But why — what problems does it solve? And what are its weaknesses? You are going to spend the majority of your workday using this software, so you should start internalizing its pros and cons. Knowing the strengths and weaknesses of Excel makes you a better analyst and job candidate.

The Good

Excel has more strengths than weaknesses as an analyst’s tool. Here are the top features.

It’s cheap.  

A copy of Excel costs about $100. No other program is as affordable with a greater variety of

It’s easy to install.  

As part of the Microsoft Office suite, Excel loads easily onto any Windows PC. Compare this to the headache of downloading software from other vendors.

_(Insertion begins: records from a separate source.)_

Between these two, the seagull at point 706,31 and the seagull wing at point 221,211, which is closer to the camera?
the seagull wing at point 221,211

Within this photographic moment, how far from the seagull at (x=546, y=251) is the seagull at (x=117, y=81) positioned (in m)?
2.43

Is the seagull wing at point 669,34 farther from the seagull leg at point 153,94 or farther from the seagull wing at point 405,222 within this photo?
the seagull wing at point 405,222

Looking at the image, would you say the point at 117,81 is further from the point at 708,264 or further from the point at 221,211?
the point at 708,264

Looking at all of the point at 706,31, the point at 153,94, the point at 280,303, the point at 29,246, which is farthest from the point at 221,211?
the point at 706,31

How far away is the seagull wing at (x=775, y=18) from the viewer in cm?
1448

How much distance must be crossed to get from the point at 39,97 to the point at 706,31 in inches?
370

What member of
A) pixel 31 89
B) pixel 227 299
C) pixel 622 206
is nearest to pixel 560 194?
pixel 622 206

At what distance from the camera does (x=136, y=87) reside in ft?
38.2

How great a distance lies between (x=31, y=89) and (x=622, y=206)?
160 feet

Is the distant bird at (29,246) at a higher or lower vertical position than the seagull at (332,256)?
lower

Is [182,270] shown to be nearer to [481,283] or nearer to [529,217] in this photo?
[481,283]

No programming knowledge necessary.  

Without Excel, most of the tools discussed in this book could be performed only with some extreme computer coding.  

It is versatile.  

Almost anything with numbers can be done in Excel. Sales forecasting? Dashboarding? Visualization? You got it! No other program can serve such a variety of data analysis needs.

It benefits from network effects.  

This is a fancy economics term that is best explained through a real-life example. Chances are you’re a Facebook user.  One reason is probably that all your friends use Facebook, too.  This is a “network effect.” The usefulness of something increases with the number of people using it.  Let’s say you want to send a spreadsheet to a client or prospective employer.  Are you going to send it in Lotus 1-2-3 or Excel? Chances are that your recipient uses the latter, so Excel is the winner. Excel only becomes more powerful as more people begin using it

It plays well with other Office tools. 

One big pain of data analysis is transferring data from one software program to another.  Excel fits hand-in-glove with other Microsoft tools.  From Access databases to other Excel spreadsheets, data passes to and from your spreadsheet with ease.  

There is a lot to admire about Excel. This one $100 piece of software contains more data analysis power than was available to the whole Apollo 11 mission.